RECORDS TO USE –

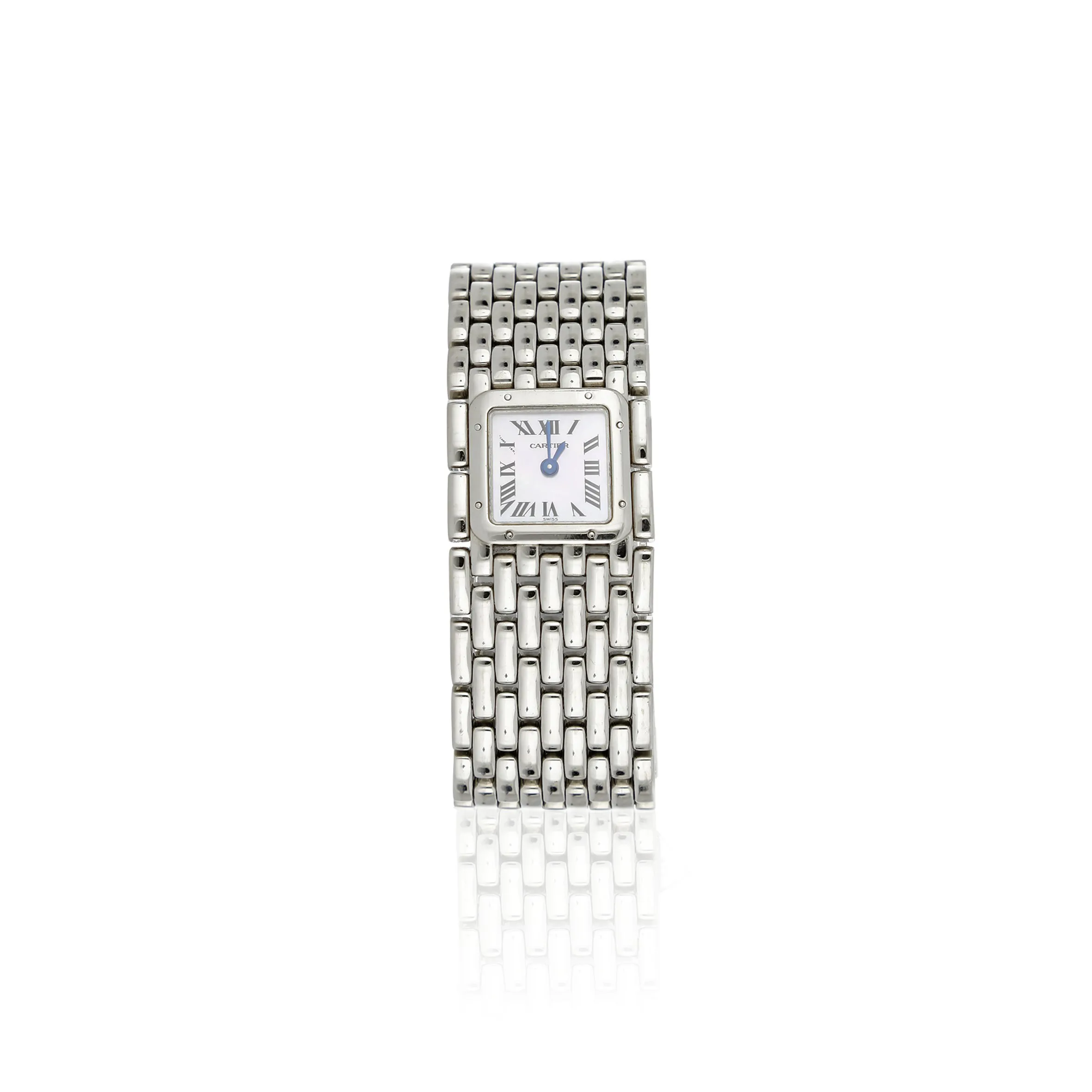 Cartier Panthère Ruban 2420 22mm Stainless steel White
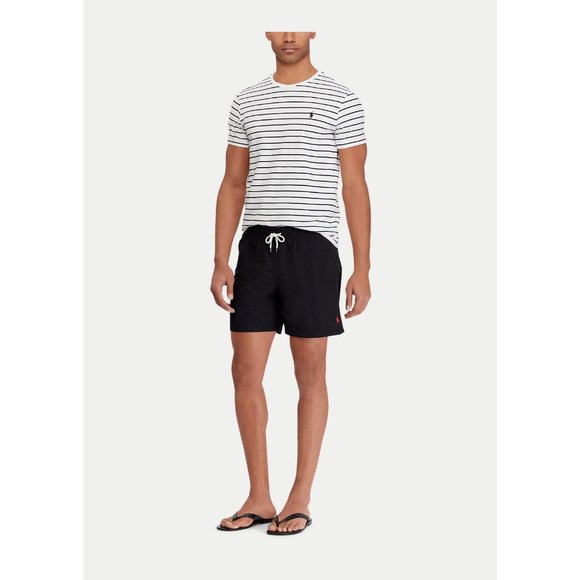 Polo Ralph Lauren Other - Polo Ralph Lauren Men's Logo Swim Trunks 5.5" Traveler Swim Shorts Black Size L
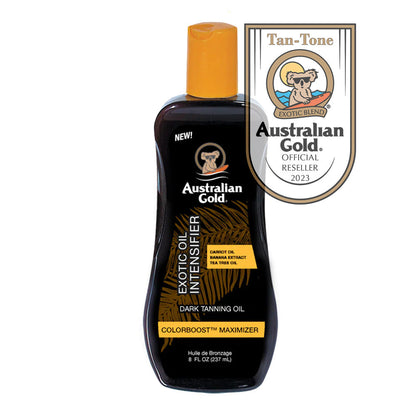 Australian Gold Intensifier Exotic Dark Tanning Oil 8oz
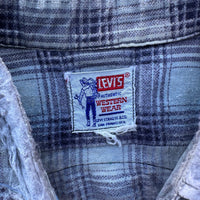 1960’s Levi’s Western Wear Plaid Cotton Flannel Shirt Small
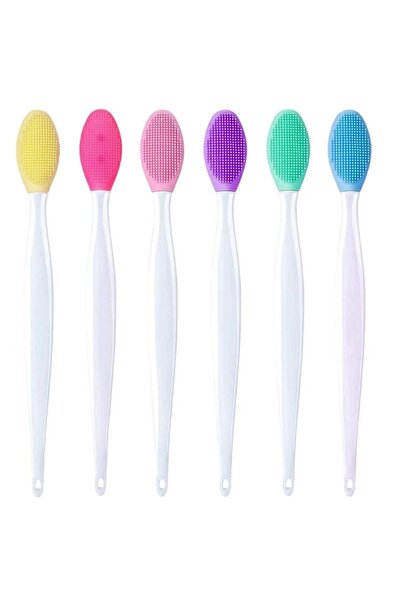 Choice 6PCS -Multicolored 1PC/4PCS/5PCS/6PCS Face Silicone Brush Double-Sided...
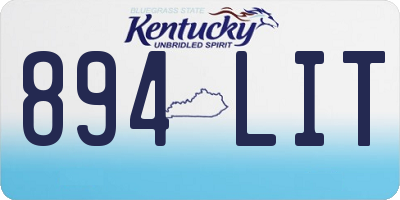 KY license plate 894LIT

EXERCISE PROMPT – Set the records down again exactly, and omit any picture in them.

ANSWER TO THE EXERCISE –
 Cartier Panthère Ruban 2420 22mm Stainless steel White
 Polo Ralph Lauren Other - Polo Ralph Lauren Men's Logo Swim Trunks 5.5" Traveler Swim Shorts Black Size L
 Australian Gold Intensifier Exotic Dark Tanning Oil 8oz
 1960’s Levi’s Western Wear Plaid Cotton Flannel Shirt Small
 Choice 6PCS -Multicolored 1PC/4PCS/5PCS/6PCS Face Silicone Brush Double-Sided...
 KY license plate 894LIT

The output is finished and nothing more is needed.